While I have all the bloggers - please can I ask you to remember adding an RSS feed to your blog? This is what makes it possible for those like me to keep returning for the occasional new post.
If I remember correctly then patio11 argued strongly against adding anything that dates your posts and write "evergreen content" instead. From a reader perspective I never understood this: I much prefer if there is a date right at the top, under the headline. From a user perspective I also don't like to see ads, I don't like to be asked to sign up for a newsletter or to subscribe to a Youtube channel but I guess it's all necessary evil that's done for the business.
I guess it depends on what you're writing about: tech might benefit more from a date than philosophy. I'm sure he's written multiple times about this, but patio11 has a thread you might be referring to here https://twitter.com/patio11/status/1234141833661440001 .
Regarding the newsletter/youtube subscription thing: I run a paid service https://kopi.cloud that can do email-to-rss conversion. You give the newsletter or youtube account an address like youtube@weinzierl.kopi.cloud and it will then publish emails received at that address as an RSS feed you can subscribe to.
Some RSS readers are beginning to support this functionality too (Inoreader just started doing this, but you need to be subscribed to one of the higher tiers to get the feature).
If it truly is evergreen content, the date is irrelevant. If it's something that will change with the next version of a piece of software, yes, the date is important. But all too often someone will skip an article written in 2014 even if it answers their question because it's "outdated."
Definitely this. I don’t even read posts on tech blogs that lack a publication date because everything moves so fast, and I don’t want to waste my time using stale info.

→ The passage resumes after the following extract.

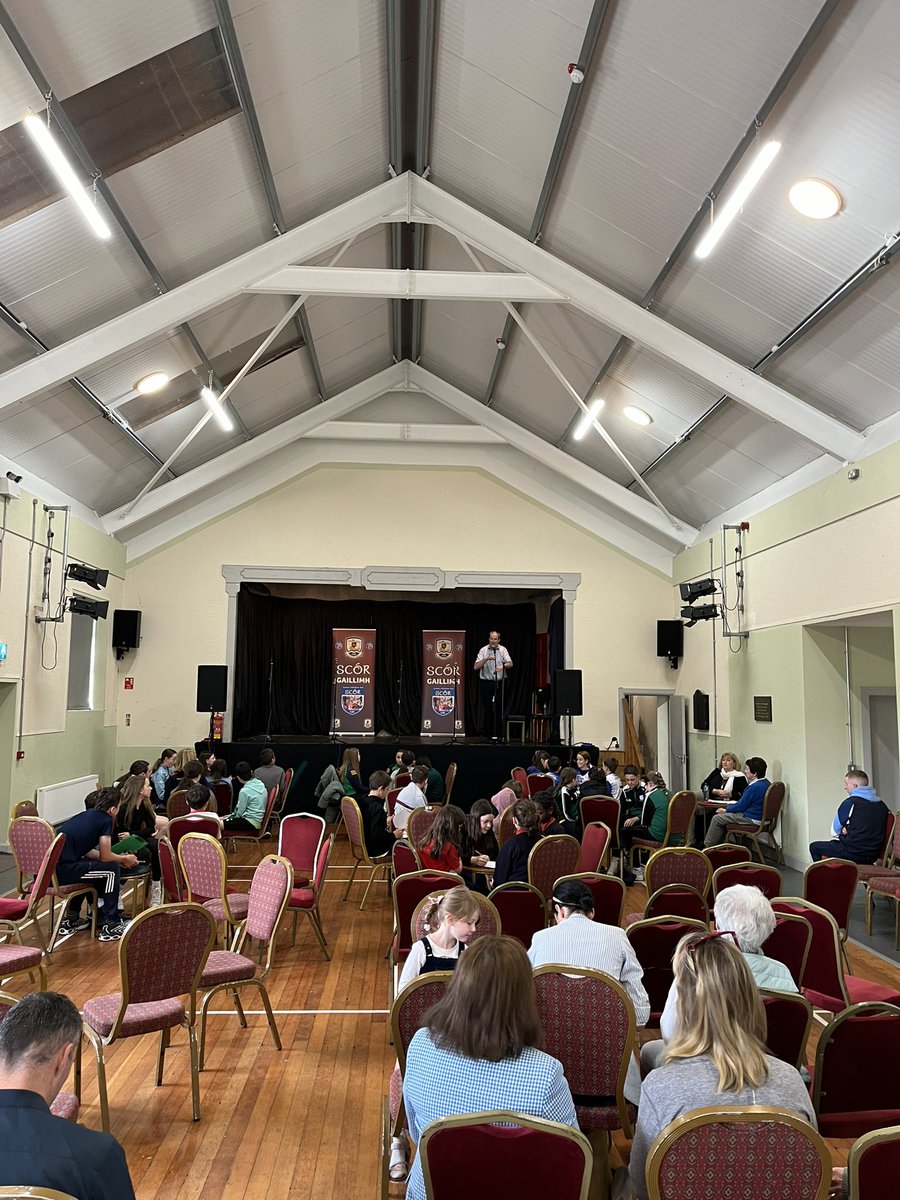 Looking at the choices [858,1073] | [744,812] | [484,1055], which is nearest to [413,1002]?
[484,1055]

Amen to that! The word "blog" stems from "weblog", and I don't understand why anyone would want a log that lacks timestamps? And for the record, I don't think an old publication date implies that the content is stale. It might be stale of course, and in that case the date will help me figure that out, which is good. It might not be stale despite having an old date, and in that case the date will help determine things like priority and standing the test of time. Which is also good. To me, lack of a date means the article is some SEO-tweaked clickbait whose only purpose is to waste my time.